**Work required**
In the entries below, the lines from the one with "Vomero 5 Grey Black" through the one with "3 bedroom, 3" are to be copied exactly; both ends count.

**Source material**
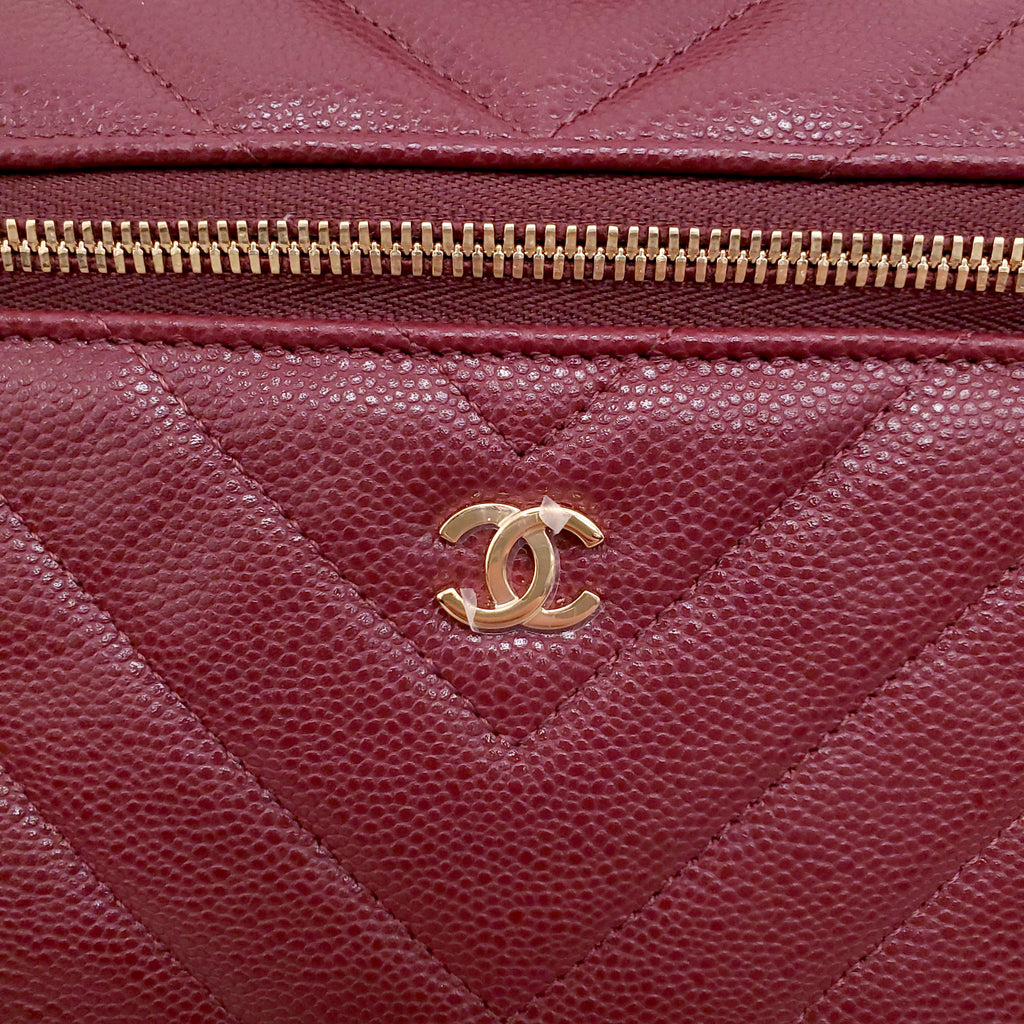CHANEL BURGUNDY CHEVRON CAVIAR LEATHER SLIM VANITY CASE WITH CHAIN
...
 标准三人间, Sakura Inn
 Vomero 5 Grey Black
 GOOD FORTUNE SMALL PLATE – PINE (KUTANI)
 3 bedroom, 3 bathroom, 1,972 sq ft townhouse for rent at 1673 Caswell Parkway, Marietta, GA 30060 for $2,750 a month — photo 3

**Completed exercise**
 Vomero 5 Grey Black
 GOOD FORTUNE SMALL PLATE – PINE (KUTANI)
 3 bedroom, 3 bathroom, 1,972 sq ft townhouse for rent at 1673 Caswell Parkway, Marietta, GA 30060 for $2,750 a month — photo 3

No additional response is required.